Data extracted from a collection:
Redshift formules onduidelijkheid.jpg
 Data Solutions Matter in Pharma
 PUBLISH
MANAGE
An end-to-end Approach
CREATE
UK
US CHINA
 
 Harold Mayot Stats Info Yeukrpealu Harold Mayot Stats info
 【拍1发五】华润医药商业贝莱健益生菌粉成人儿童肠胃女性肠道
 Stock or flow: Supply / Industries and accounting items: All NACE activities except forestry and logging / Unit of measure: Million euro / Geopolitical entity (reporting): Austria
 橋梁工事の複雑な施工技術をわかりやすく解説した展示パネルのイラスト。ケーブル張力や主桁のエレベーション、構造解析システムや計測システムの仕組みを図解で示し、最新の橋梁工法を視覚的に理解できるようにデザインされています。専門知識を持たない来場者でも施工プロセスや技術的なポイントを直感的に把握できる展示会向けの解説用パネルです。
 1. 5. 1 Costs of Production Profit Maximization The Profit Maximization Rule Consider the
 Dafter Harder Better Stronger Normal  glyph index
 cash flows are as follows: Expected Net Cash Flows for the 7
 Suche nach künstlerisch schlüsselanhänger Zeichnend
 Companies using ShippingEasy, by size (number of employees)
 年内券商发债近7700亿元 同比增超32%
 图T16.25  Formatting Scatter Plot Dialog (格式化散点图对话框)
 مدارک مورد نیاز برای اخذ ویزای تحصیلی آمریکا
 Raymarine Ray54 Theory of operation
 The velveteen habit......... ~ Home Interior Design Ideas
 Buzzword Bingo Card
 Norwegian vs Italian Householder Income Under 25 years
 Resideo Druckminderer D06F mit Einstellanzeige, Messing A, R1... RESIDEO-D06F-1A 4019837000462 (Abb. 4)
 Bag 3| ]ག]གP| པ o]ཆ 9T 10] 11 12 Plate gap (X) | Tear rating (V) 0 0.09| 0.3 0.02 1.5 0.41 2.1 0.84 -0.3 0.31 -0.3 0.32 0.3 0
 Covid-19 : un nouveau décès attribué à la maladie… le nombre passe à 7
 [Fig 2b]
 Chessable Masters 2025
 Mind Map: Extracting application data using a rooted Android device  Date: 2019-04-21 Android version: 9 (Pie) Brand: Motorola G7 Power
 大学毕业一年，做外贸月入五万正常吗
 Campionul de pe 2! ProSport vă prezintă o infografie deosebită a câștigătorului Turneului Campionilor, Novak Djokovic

→ EXERCISE INSTRUCTIONS: Reproduce the records above exactly. Leave nothing out.

→ PROBLEM SOLUTION:
Redshift formules onduidelijkheid.jpg
 Data Solutions Matter in Pharma
 PUBLISH
MANAGE
An end-to-end Approach
CREATE
UK
US CHINA
 
 Harold Mayot Stats Info Yeukrpealu Harold Mayot Stats info
 【拍1发五】华润医药商业贝莱健益生菌粉成人儿童肠胃女性肠道
 Stock or flow: Supply / Industries and accounting items: All NACE activities except forestry and logging / Unit of measure: Million euro / Geopolitical entity (reporting): Austria
 橋梁工事の複雑な施工技術をわかりやすく解説した展示パネルのイラスト。ケーブル張力や主桁のエレベーション、構造解析システムや計測システムの仕組みを図解で示し、最新の橋梁工法を視覚的に理解できるようにデザインされています。専門知識を持たない来場者でも施工プロセスや技術的なポイントを直感的に把握できる展示会向けの解説用パネルです。
 1. 5. 1 Costs of Production Profit Maximization The Profit Maximization Rule Consider the
 Dafter Harder Better Stronger Normal  glyph index
 cash flows are as follows: Expected Net Cash Flows for the 7
 Suche nach künstlerisch schlüsselanhänger Zeichnend
 Companies using ShippingEasy, by size (number of employees)
 年内券商发债近7700亿元 同比增超32%
 图T16.25  Formatting Scatter Plot Dialog (格式化散点图对话框)
 مدارک مورد نیاز برای اخذ ویزای تحصیلی آمریکا
 Raymarine Ray54 Theory of operation
 The velveteen habit......... ~ Home Interior Design Ideas
 Buzzword Bingo Card
 Norwegian vs Italian Householder Income Under 25 years
 Resideo Druckminderer D06F mit Einstellanzeige, Messing A, R1... RESIDEO-D06F-1A 4019837000462 (Abb. 4)
 Bag 3| ]ག]གP| པ o]ཆ 9T 10] 11 12 Plate gap (X) | Tear rating (V) 0 0.09| 0.3 0.02 1.5 0.41 2.1 0.84 -0.3 0.31 -0.3 0.32 0.3 0
 Covid-19 : un nouveau décès attribué à la maladie… le nombre passe à 7
 [Fig 2b]
 Chessable Masters 2025
 Mind Map: Extracting application data using a rooted Android device  Date: 2019-04-21 Android version: 9 (Pie) Brand: Motorola G7 Power
 大学毕业一年，做外贸月入五万正常吗
 Campionul de pe 2! ProSport vă prezintă o infografie deosebită a câștigătorului Turneului Campionilor, Novak Djokovic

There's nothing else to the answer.